Studio album by Oscar Peterson
- Released: 1965
- Recorded: September 9, 1964 (New York)
- Genre: Jazz
- Length: 35:10
- Label: Limelight

Oscar Peterson chronology
| We Get Requests (1964) | Canadiana Suite (1965) | I/We Had a Ball (1965) |

= Canadiana Suite =

Canadiana Suite is a 1965 album by Oscar Peterson.

Professional ratings
Review scores
| Source | Rating |
| AllMusic |  |
| The Rolling Stone Jazz Record Guide |  |

== Composition ==
Peterson envisioned Canadiana Suite as a tribute to the diverse landscapes of Canada, drawing inspiration from his travels by rail across southern Canada. Beginning in the Maritime provinces with "Ballad to the East", the suite travels west through the Laurentian Mountains of southern Quebec in "Laurentide Waltz", then pays a visit to the neighbourhood in Montreal where Peterson grew up, Place St. Henri, in the song of the same name. Next, the suite moves on to Canada's next great metropolis, Toronto, in "Hogtown Blues", before heading to the great plains of Manitoba ("Blues of the Prairies") and Saskatchewan ("Wheatland").
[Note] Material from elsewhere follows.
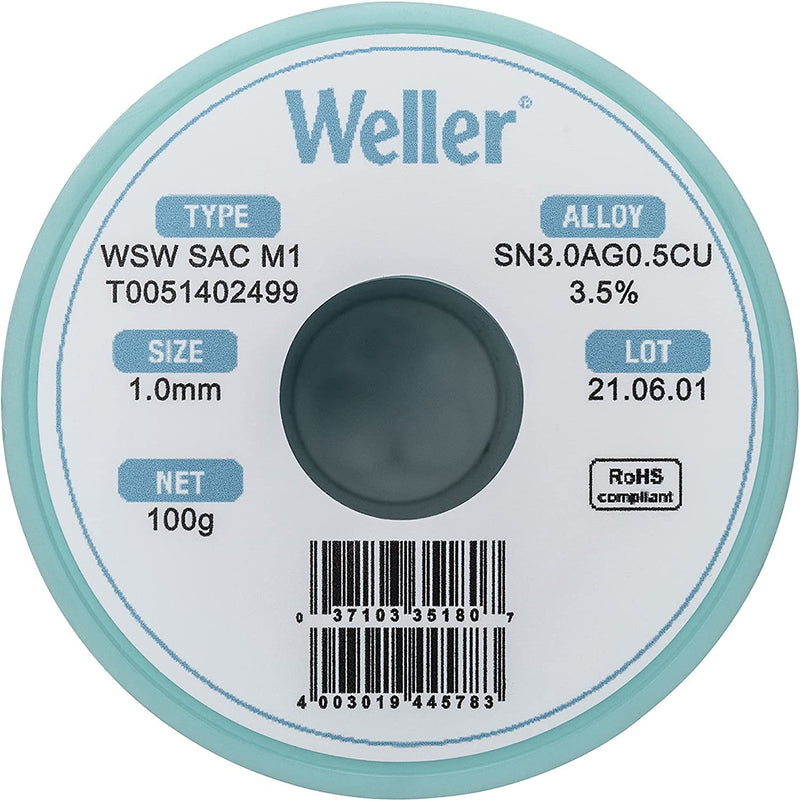 Weller WSW SAC M1 (T0051402499) Lead-Free Solder Wire, Diameter 1.0 mm, Alloy Sn96.5Ag3Cu0.5, Flux Content 3.5%, 100 g 1,0mm, 100g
Finally, Peterson takes us through Calgary in "March Past", and on into the Rocky Mountains with "Land of the Misty Giants". Explaining his motivation for writing Canadiana Suite, Peterson said "My profession has taken me to every part of the world, none of them more beautiful than where I live. As a musician, I respond to the harmony and rhythm of life, and when I’m deeply moved it leaves something singing inside me. With a country as large and as full of contrast as Canada, I had a lot of themes to choose from when I wrote the Canadiana Suite. This is my musical portrait of the Canada I love."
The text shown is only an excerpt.